* What to work on
Reproduce word for word the line holding "Webcam in Langenegg, 8.5 km" and all lines after it in the data, through the end, leaving out pictures.

** Material provided follows **

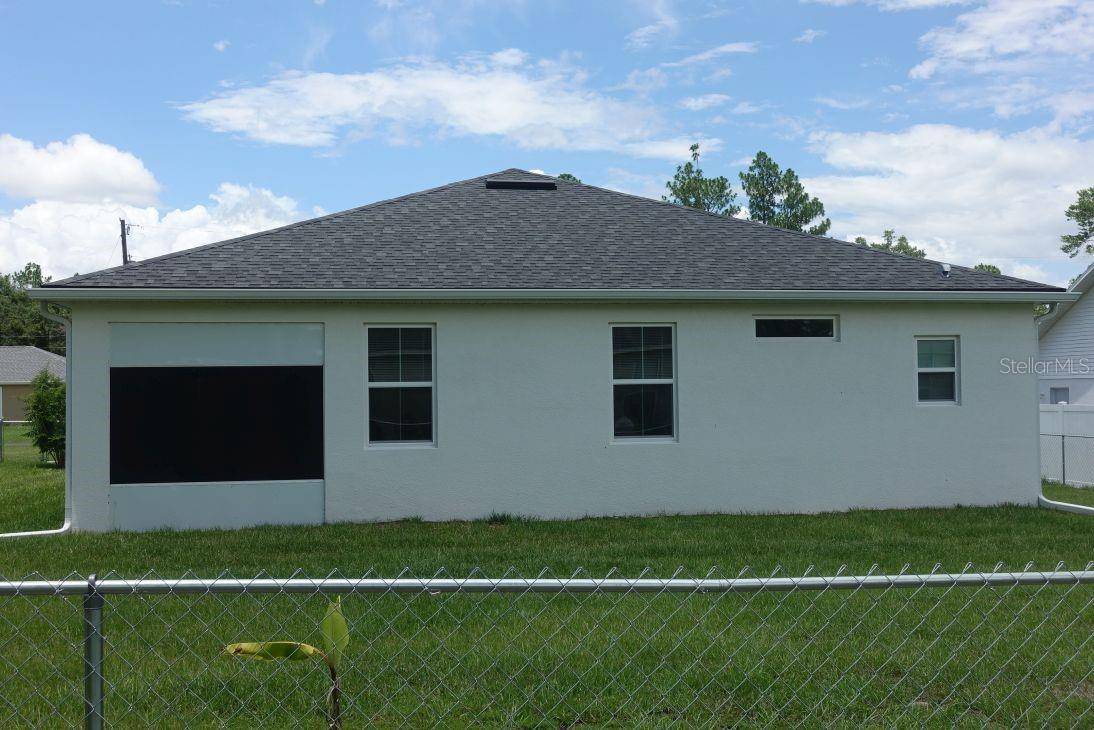 Ocala, FL 34473,5574 SW 128TH PL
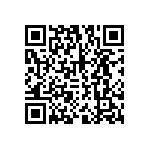 R5F56316DDBG-U0 QRCode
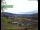 Webcam in Langenegg, 8.5 km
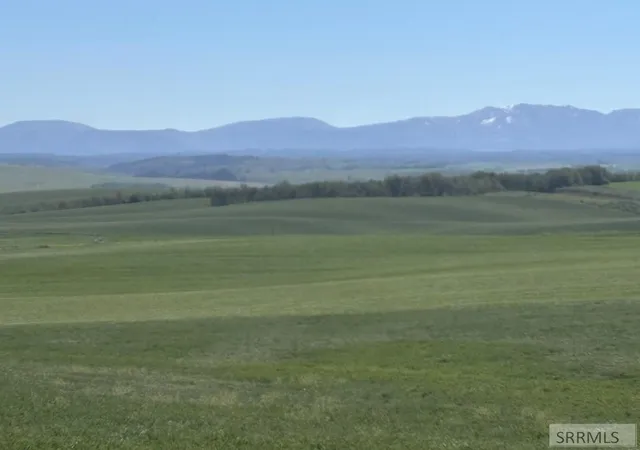 Photo 4 of Land for sale at 4134 Mountain Shadows Lane, Ashton, ID 83420 | MLS# 2187648 | Listing updated on 2026-07-11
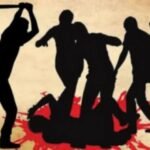 हेमकुंड जा रहे यात्रियों और स्थानीय युवकों के बीच हुआ विवाद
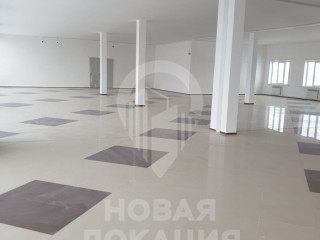 Фотография Аренда офиса, 500 м² , улица 22 Декабря 89  №8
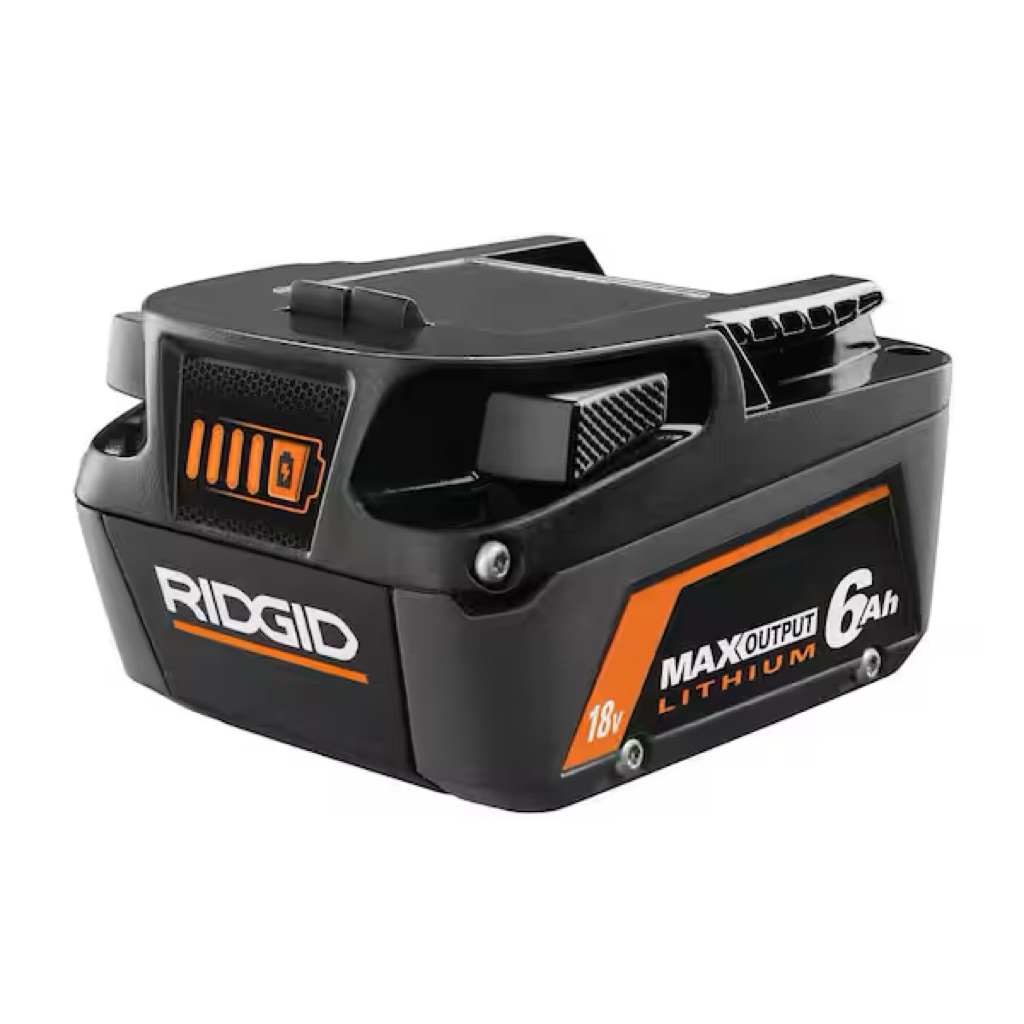 Ridgid - Giá Tốt, Sale Tháng 08, Freeship 0Đ | Shopee Việt Nam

** End of Material provided **

* Written answer
 Webcam in Langenegg, 8.5 km
 Photo 4 of Land for sale at 4134 Mountain Shadows Lane, Ashton, ID 83420 | MLS# 2187648 | Listing updated on 2026-07-11
 हेमकुंड जा रहे यात्रियों और स्थानीय युवकों के बीच हुआ विवाद
 Фотография Аренда офиса, 500 м² , улица 22 Декабря 89  №8
 Ridgid - Giá Tốt, Sale Tháng 08, Freeship 0Đ | Shopee Việt Nam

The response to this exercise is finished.